M. Karen Walker, Ph.D., is a strategic communications specialist with 30 years of experience in writing and editing, advocacy and reputation management, change communications, and stakeholder and employee engagement. She began her career as a speechwriter and public affairs officer with the U.S. Information Agency in 1990, and then joined the Pacific Northwest National Laboratory to support sustainability R&D and policy initiatives. She returned to Foggy Bottom in 1997 as a subject matter expert and foreign affairs officer. During her tenure, she supported global and regional environmental diplomacy programs and training, advocated for U.S. businesses investing in sub-Saharan Africa and South Asia, managed commercial diplomacy initiatives in developing countries, and co-led technical assistance and public diplomacy programs in the Middle East and North Africa. While conducting her dissertation research, she was appointed a Franklin Fellow from 2009-2011, serving as grants manager for democracy and governance programs in Iraq.
Karen joined Booz Allen Hamilton in 2011, managing communication programs and serving as a speechwriter for the National Geospatial-Intelligence Agency’s Research Directorate and GEOINT Enterprise Directorate, and supporting the public affairs team at the National Counterterrorism Center. Karen’s experience in the counterterrorism field includes government service in the U.S. Department of Homeland Security’s Science and Technology Directorate, where she managed public affairs for the Office of Research and Development, served in the secretariat of the National Science and Technology Council, and launched a nascent research program to understand and exploit terrorist motivation and intent. She also served as a Visiting Senior Research Fellow at the Fund for Peace, to assist in the framing and launch of the organization’s threat convergence policy program. She has published on the topic of information warfare, authored book reviews for Terrorism and Political Violence, and taught rhetorical criticism applied to the terrorism studies domain.
Leveraging her experience as a foreign affairs officer, Karen earned her Ph.D. from the University of Maryland College Park in May 2014, dissertating on the rhetorical dimension of soft power diplomacy. She has authored essays published in the Hague Journal of Diplomacy and Poroi and continues to conduct research relevant to diplomatic tradecraft.

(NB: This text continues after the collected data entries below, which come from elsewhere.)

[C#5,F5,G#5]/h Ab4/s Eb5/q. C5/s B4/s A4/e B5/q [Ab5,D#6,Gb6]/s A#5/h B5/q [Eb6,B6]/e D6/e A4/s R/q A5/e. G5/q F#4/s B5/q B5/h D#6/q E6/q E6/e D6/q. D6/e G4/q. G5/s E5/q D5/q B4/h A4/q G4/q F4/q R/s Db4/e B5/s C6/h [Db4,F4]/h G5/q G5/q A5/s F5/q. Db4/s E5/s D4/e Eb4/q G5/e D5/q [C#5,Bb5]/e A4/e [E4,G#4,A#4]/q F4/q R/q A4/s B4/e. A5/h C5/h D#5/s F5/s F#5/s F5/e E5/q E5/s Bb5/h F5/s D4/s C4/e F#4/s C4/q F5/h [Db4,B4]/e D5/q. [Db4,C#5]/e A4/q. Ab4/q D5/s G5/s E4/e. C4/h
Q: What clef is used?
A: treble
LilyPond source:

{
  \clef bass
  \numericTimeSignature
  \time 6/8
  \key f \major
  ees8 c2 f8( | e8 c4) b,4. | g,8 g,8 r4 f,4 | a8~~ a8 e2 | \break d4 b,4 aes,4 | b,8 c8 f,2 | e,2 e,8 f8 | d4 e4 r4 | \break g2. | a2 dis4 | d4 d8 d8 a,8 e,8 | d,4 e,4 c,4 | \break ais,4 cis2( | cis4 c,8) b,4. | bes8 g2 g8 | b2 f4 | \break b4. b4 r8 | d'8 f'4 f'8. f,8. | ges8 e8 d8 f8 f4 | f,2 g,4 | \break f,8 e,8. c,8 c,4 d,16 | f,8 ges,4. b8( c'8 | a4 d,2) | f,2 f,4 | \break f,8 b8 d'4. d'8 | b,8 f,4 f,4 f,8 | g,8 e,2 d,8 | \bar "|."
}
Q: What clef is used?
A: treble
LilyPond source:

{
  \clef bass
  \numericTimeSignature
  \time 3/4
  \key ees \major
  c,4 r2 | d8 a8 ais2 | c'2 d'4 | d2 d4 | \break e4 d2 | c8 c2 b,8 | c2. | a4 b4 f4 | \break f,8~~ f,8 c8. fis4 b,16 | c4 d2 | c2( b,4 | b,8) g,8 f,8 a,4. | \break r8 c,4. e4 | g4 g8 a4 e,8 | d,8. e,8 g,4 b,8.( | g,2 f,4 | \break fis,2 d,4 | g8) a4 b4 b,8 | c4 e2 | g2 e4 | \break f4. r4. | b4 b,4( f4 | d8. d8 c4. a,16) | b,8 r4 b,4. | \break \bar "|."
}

She lives in Lynchburg, Virginia, and is currently employed as a communications manager in the University of Virginia School of Engineering and Applied Science, supporting the Department of Materials Science and Engineering and Charles L. Brown Department of Electrical and Computer Engineering.
Karen is an adjunct faculty member of the Johns Hopkins University Krieger School of Arts and Sciences, Advanced Academic Programs, where she teaches/has taught speechwriting, corporate social responsibility communication campaigns, and international PR and public diplomacy. She is a member of the Public Diplomacy Council of America, the National Communication Association and Southern States Communication Association, and the Kenneth Burke Society.